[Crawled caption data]
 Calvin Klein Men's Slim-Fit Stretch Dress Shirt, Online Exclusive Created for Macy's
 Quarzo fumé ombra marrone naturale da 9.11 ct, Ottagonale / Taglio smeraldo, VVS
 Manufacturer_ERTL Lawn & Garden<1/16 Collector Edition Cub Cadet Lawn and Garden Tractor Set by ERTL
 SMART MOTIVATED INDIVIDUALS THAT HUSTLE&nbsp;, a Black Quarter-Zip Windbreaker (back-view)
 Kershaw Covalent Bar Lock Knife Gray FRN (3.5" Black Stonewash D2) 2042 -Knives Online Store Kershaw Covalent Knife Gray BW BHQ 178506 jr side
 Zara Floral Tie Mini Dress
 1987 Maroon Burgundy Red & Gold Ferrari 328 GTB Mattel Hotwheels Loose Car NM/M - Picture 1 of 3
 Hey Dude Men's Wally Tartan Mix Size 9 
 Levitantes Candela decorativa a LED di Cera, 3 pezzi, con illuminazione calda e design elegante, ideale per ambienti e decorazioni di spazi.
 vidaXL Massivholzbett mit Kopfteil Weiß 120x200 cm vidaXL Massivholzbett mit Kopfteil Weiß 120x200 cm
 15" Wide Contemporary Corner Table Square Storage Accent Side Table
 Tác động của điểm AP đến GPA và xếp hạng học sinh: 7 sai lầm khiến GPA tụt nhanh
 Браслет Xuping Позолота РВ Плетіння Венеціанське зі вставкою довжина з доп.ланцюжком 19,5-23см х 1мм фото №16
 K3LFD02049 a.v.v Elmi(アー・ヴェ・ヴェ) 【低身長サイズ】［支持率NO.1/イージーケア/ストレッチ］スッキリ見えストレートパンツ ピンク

...

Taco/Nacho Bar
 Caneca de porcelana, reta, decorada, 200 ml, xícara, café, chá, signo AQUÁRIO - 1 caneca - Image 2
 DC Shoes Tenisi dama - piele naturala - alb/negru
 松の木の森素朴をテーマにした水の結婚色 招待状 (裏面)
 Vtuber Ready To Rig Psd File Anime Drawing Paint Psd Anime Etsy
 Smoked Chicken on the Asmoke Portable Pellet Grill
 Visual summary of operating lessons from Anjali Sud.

* **Work item**
Please copy the lines above from the line with "vidaXL Massivholzbett mit Kopfteil Weiß 120x200 cm vidaXL" up to and including the line with "K3LFD02049 a.v.v Elmi(アー・ヴェ・ヴェ)", exactly as written and with nothing else.

* **Exercise output**
 vidaXL Massivholzbett mit Kopfteil Weiß 120x200 cm vidaXL Massivholzbett mit Kopfteil Weiß 120x200 cm
 15" Wide Contemporary Corner Table Square Storage Accent Side Table
 Tác động của điểm AP đến GPA và xếp hạng học sinh: 7 sai lầm khiến GPA tụt nhanh
 Браслет Xuping Позолота РВ Плетіння Венеціанське зі вставкою довжина з доп.ланцюжком 19,5-23см х 1мм фото №16
 K3LFD02049 a.v.v Elmi(アー・ヴェ・ヴェ) 【低身長サイズ】［支持率NO.1/イージーケア/ストレッチ］スッキリ見えストレートパンツ ピンク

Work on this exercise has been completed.